By Indrawattie Natram
– Daughter of indentured labourer talks of the days of old
Last week, Guyana observed the 180th Anniversary of the Arrival of Indians, and as this time comes around, more than ever, there remains several Guyanese who can clearly recall the experiences of their fore parents, having lived to hear some of them tell the stories themselves. One such person is 88-year-old Rajkumarie Prashad aka ‘Aunty Baby’ of Perseverance Village on the Essequibo Coast.
‘Aunty Baby’ is one of the oldest women in her village. The Pepperpot Magazine conducted an interview with her and her story was quite interesting as she traced back with vivid memories that her father- who was an immigrant- left with her. ‘Aunty Baby’s’ father Pansham (only name given) was among the thousands of Indians who were brought to Guyana for indentured labour between 1838-1917. She stated that Pansham came to Guyana with his parents in the early 1900s. Her father later got married to her mother, Bhagpat, and started his life in Guyana after he opted not to return to Calcutta, India.
Unveiling her story, she said that she can vividly recall growing up in a Logie- a house that accommodates several families and was constructed by the Indians when they came to Guyana.
LIVING IN A ‘LOGIE’
“In those days they call it range houses or Logie. Different families lived in different compartments. Everyone had their privacy… [and] the unity and love were there,” ‘Aunty Baby’ related.
She said that for over 16 years she had lived in a Logie and still remembers those golden ages when no one locked their doors and persons were living in comfort and trust. The only daughter of her parents, ‘Aunty Baby’ said that she enjoyed life long ago much better than in the modern age.
“Growing up in the 40s was peaceful. We enjoyed cooking on we fireside. We [use to] wash we clothes in a trench and after my mother [would] bathe we and then send we home.
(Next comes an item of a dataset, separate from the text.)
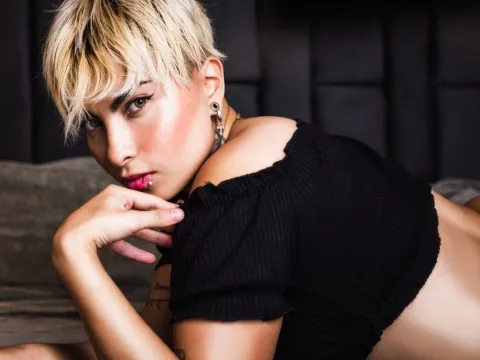 porn video chat model CloeAmoros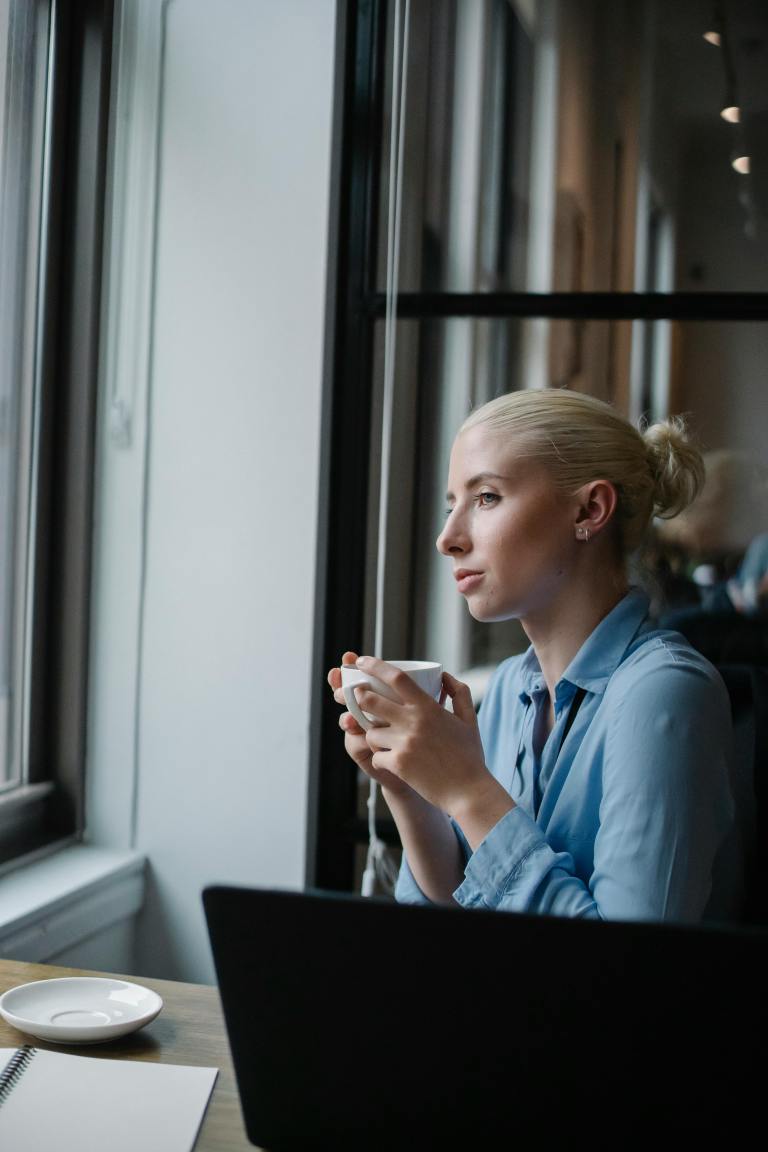 3 Zodiacs That Need To Prioritize Reflection This Mercury Retrograde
The life was so good and children were honouring their parents,” she recalled.
After marrying at the age of 16 on May 10, 1947, to Kamta Prashad, ‘Aunty Baby’ said her life continued to prosper. She lived 70 years with her husband happily before he passed away in 2016. During her lifetime, she had many different jobs, including manually planting rice, selling vegetables and planting in her own farm.
From rice planting, she began selling at the Bourda, Suddie and Anna Regina markets to fend for her children. During her marriage with the now deceased Kamta, she gave birth to eight children, all of whom are still alive except for one of her sons- a lawyer- who passed away while he was still young.
‘Aunty Baby’ said that although today’s life is much more comfortable because of the many technological advances, she enjoyed the bond families shared in the simpler days.
“Long ago not only your parents can scold you, but anyone from the village can pull you up whenever you erred and no one get upset. These days you can discipline nobody children. Long ago was strict and loyal days,” ‘Aunty Baby’ further reminisced.
She also recalled the poor infrastructure that she grew up under especially the inability to access potable water and electricity.
Thanking God every day for living to see such a golden age, she related that she continues to keep herself happy with ancient memories. At the age of 88, she spends most of her time reading, writing poems and also singing bhajans (Hindu religious songs).
Almost every Sunday, she spends her time at the Temple where she engages in congregational worship. She related that she always keeps God close and although her life has become a lonely one she is occupied with the essence of God. In her spare time, she washes, cooks and tidies her yard. She is a lover of fresh roses and flower plants and has her own flower garden.
Her children, who reside in the United States of America, often encourage her to go live with them, but the country-minded ‘Aunty Baby’ said she love Guyana. She enjoys the fresh air and the comfort of the green scenery she inherited in her backyard. The woman visited her daughters and son in the USA in the year 1995 but said she loves her birthland Guyana more than any other country.
She is, however, comforted by the love of her children and her countless grandchildren. When asked what she would attribute to her long life, she said healthy eating and serving God. Her advice to young people is to stay truthful to themselves and to aspire to the righteous life.